The reason I feel qualified to comment on the support is because I have dealt with them and their designated local dealers on an Aspen 175 I had on order.
I don't see anything in this thread stating anything negative about Greenwood products. Maybe someone else is telling you negative things about greenwod(??)


----------



## SE Iowa (Aug 1, 2008)

Chase 2378

$8000 for heating oil?  How large of a home are you heating? I didn't think NJ winters were that bad.  I'd look into better insulation if it is an old house etc b/f I'd worry about heating with wood.


----------



## WoodFarmer (Aug 13, 2008)

Chase - I'm looking into these units in NJ also and would like to compare notes.


----------



## ISeeDeadBTUs (Aug 13, 2008)

MY GW100 will be operating two year come January. This summer we are running it a lot for DHW. Just my opinion, but GW's servce sucks. The unit itself seems fine, except that the refractory cracks - probably from thermal shock - too easily.
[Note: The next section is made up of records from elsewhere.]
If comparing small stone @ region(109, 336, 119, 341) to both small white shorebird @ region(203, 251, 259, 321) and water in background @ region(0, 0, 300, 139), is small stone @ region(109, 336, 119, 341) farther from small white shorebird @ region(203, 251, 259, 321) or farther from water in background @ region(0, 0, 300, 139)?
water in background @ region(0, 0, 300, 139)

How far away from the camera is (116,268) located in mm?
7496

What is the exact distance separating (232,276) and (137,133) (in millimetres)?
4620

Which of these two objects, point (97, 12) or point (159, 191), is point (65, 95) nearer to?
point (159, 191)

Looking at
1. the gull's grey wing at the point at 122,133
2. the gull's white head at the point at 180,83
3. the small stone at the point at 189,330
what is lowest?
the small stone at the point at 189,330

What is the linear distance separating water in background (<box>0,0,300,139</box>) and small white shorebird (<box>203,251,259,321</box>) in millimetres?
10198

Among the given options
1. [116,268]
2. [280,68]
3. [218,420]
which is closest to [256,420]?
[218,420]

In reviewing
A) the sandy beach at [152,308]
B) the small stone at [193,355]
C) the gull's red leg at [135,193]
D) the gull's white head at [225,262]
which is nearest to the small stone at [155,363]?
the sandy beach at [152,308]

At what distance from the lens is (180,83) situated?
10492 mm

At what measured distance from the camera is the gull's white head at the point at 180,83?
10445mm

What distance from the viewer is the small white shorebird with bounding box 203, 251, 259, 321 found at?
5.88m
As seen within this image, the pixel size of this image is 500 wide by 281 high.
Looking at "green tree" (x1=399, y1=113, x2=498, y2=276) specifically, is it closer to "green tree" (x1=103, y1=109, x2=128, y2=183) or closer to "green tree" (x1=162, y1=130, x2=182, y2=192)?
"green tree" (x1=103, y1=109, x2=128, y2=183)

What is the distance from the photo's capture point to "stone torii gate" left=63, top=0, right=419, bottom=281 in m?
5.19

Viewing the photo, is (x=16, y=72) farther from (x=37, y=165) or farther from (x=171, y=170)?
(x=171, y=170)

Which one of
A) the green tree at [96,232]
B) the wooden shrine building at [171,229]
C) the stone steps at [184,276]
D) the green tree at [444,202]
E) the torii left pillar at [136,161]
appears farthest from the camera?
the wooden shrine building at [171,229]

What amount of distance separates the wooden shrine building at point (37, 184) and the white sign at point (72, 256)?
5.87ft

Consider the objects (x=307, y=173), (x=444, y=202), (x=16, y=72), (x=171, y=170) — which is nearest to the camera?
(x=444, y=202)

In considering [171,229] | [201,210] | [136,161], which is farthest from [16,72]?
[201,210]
Depending on whether I have to buy wood this year, my payback should be about April 2010. Would I buy another? Maybe. But not until I was positive that the Vitolig200 was unavailable.

Jimbo


----------



## trailhound68 (Aug 14, 2008)

I have a Seton 100 on line for one season. I have no refractory cracking issues. My unit, though, was not put together very well and leaks at a lot of the seams. I will need to seal it up somehow. But overall, I am impressed with unit. It has a lot of potential. The best feature is the whole logs that it burns. Not splitting and stacking means a lot less work.


----------